Data shown below:

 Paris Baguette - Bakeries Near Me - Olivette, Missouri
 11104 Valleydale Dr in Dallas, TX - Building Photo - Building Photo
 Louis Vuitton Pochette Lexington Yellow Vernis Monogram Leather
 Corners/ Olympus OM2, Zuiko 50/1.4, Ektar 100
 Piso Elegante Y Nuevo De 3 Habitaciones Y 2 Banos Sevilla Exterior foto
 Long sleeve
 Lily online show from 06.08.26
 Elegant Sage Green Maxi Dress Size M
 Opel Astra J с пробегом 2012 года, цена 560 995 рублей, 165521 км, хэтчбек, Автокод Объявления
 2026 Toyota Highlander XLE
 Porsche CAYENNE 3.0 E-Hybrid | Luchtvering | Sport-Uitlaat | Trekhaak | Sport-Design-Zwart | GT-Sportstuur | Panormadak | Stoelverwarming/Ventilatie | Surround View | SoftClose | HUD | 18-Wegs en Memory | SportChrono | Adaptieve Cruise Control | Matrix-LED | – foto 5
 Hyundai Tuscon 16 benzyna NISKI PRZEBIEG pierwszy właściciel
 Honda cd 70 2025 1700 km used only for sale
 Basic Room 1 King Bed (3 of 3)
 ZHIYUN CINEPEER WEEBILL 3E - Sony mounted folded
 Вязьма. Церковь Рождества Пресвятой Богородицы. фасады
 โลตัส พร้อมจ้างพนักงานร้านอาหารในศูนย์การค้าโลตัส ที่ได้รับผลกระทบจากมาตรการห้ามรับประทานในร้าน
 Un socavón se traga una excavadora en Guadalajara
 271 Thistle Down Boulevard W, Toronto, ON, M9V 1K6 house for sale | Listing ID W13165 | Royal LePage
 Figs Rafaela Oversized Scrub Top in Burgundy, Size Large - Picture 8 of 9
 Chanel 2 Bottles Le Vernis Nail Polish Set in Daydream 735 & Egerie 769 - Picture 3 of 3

End of Data shown.

## Task to carry out
Reproduce the listing above exactly from the line containing "Lily online show from 06.08.26" through its last line, with both of those lines included.

## Exercise response
 Lily online show from 06.08.26
 Elegant Sage Green Maxi Dress Size M
 Opel Astra J с пробегом 2012 года, цена 560 995 рублей, 165521 км, хэтчбек, Автокод Объявления
 2026 Toyota Highlander XLE
 Porsche CAYENNE 3.0 E-Hybrid | Luchtvering | Sport-Uitlaat | Trekhaak | Sport-Design-Zwart | GT-Sportstuur | Panormadak | Stoelverwarming/Ventilatie | Surround View | SoftClose | HUD | 18-Wegs en Memory | SportChrono | Adaptieve Cruise Control | Matrix-LED | – foto 5
 Hyundai Tuscon 16 benzyna NISKI PRZEBIEG pierwszy właściciel
 Honda cd 70 2025 1700 km used only for sale
 Basic Room 1 King Bed (3 of 3)
 ZHIYUN CINEPEER WEEBILL 3E - Sony mounted folded
 Вязьма. Церковь Рождества Пресвятой Богородицы. фасады
 โลตัส พร้อมจ้างพนักงานร้านอาหารในศูนย์การค้าโลตัส ที่ได้รับผลกระทบจากมาตรการห้ามรับประทานในร้าน
 Un socavón se traga una excavadora en Guadalajara
 271 Thistle Down Boulevard W, Toronto, ON, M9V 1K6 house for sale | Listing ID W13165 | Royal LePage
 Figs Rafaela Oversized Scrub Top in Burgundy, Size Large - Picture 8 of 9
 Chanel 2 Bottles Le Vernis Nail Polish Set in Daydream 735 & Egerie 769 - Picture 3 of 3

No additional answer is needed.